#### WHAT THE TASK REQUIRES
Copy everything in the listing below word for word, apart from any images.

#### AVAILABLE DATA
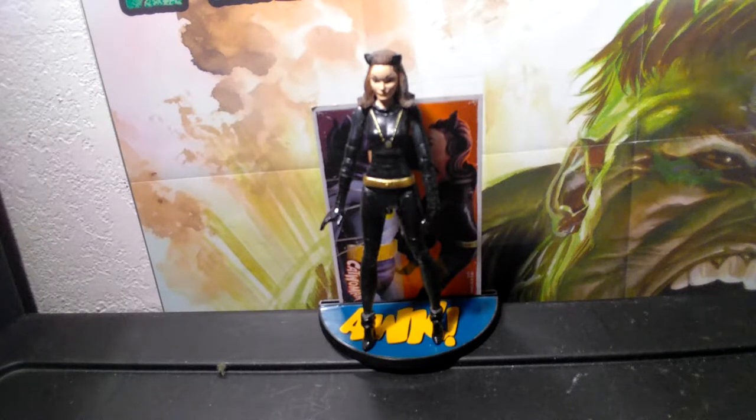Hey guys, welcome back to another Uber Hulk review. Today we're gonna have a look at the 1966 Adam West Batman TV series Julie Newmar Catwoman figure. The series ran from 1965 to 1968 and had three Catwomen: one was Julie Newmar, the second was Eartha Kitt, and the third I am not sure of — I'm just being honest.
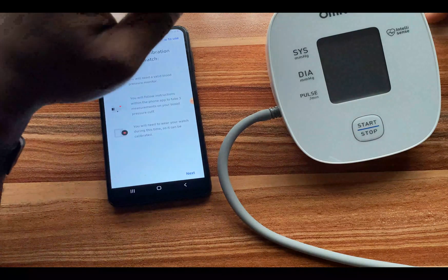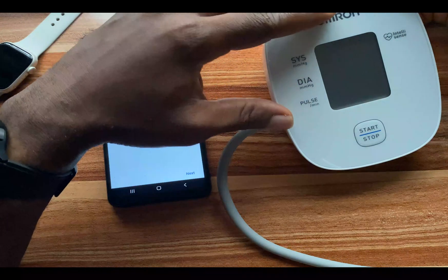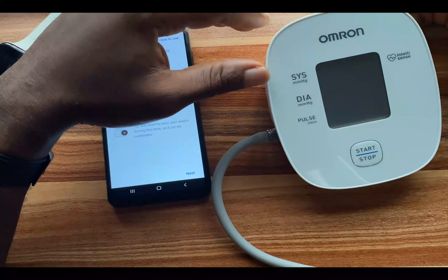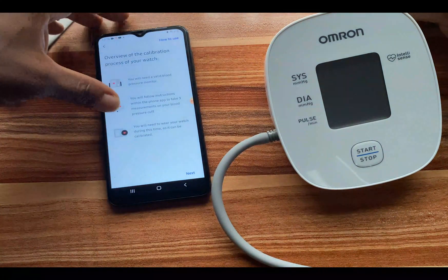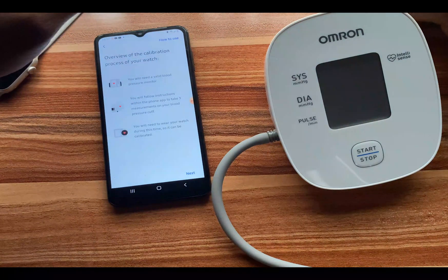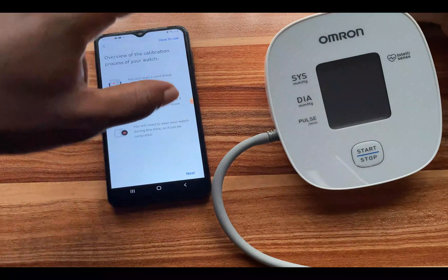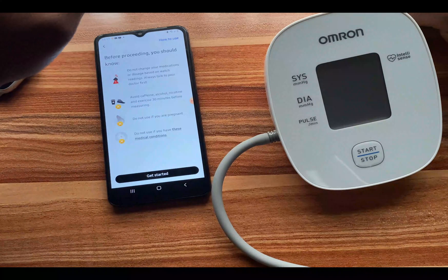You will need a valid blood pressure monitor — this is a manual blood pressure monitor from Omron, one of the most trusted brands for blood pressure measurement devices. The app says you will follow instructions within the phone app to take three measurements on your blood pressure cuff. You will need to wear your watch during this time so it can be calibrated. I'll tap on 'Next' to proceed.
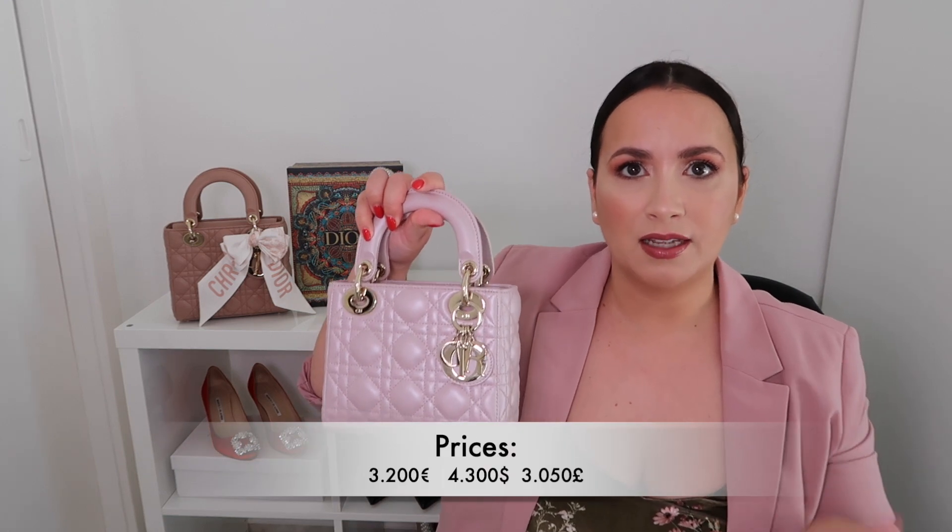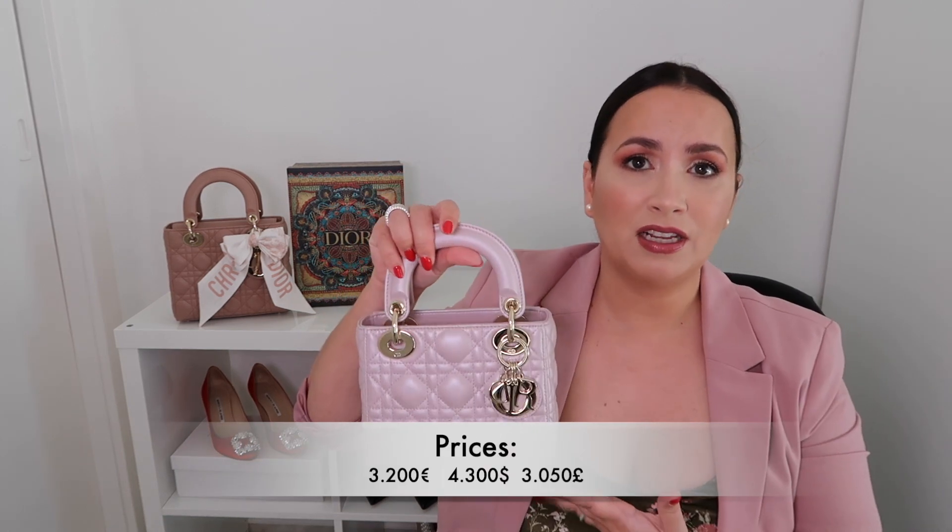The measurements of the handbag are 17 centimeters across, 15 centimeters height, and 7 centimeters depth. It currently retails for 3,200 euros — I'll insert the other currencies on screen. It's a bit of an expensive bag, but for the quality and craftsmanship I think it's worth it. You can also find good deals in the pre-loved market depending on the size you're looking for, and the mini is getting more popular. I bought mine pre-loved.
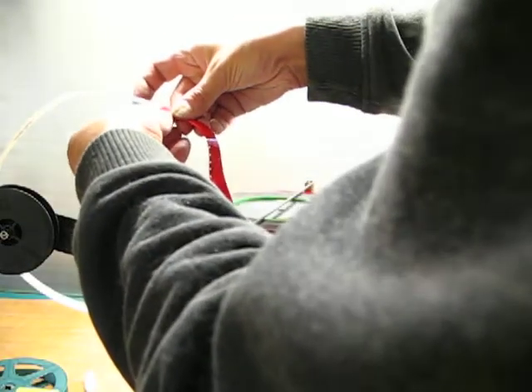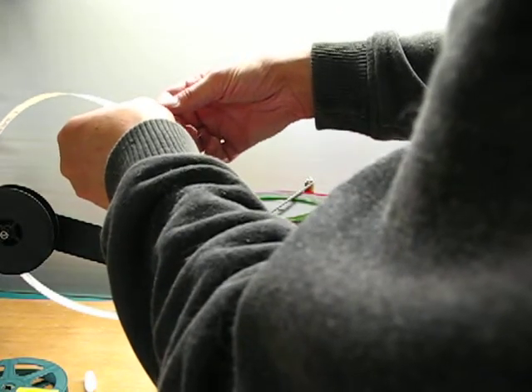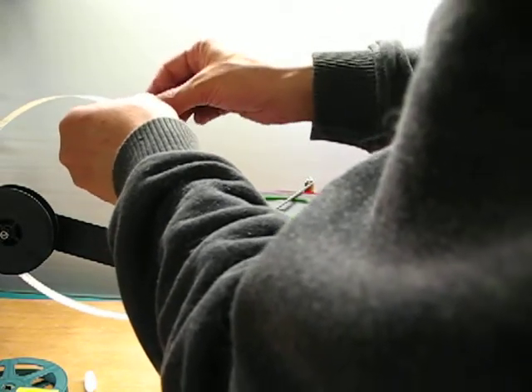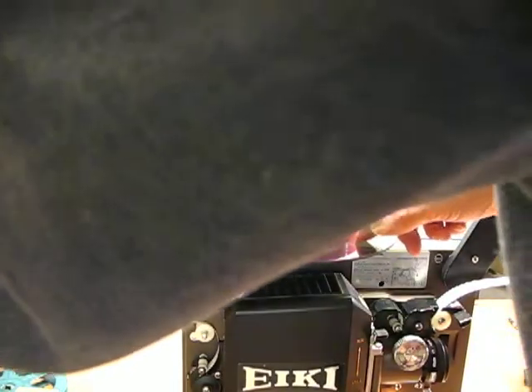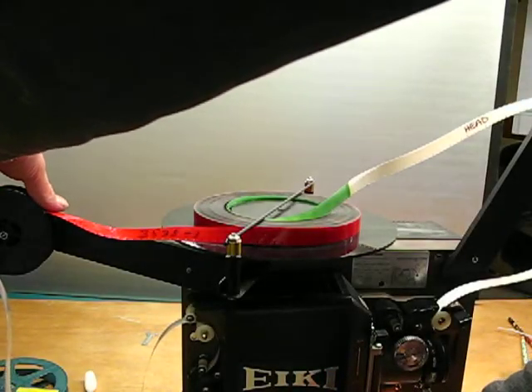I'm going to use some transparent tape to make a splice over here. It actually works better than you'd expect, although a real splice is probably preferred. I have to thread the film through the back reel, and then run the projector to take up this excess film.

#### EXERCISE RESULT
Hey guys, welcome back to another Uber Hulk review. Today we're gonna have a look at the 1966 Adam West Batman TV series Julie Newmar Catwoman figure. The series ran from 1965 to 1968 and had three Catwomen: one was Julie Newmar, the second was Eartha Kitt, and the third I am not sure of — I'm just being honest.
You will need a valid blood pressure monitor — this is a manual blood pressure monitor from Omron, one of the most trusted brands for blood pressure measurement devices. The app says you will follow instructions within the phone app to take three measurements on your blood pressure cuff. You will need to wear your watch during this time so it can be calibrated. I'll tap on 'Next' to proceed.
The measurements of the handbag are 17 centimeters across, 15 centimeters height, and 7 centimeters depth. It currently retails for 3,200 euros — I'll insert the other currencies on screen. It's a bit of an expensive bag, but for the quality and craftsmanship I think it's worth it. You can also find good deals in the pre-loved market depending on the size you're looking for, and the mini is getting more popular. I bought mine pre-loved.
I'm going to use some transparent tape to make a splice over here. It actually works better than you'd expect, although a real splice is probably preferred. I have to thread the film through the back reel, and then run the projector to take up this excess film.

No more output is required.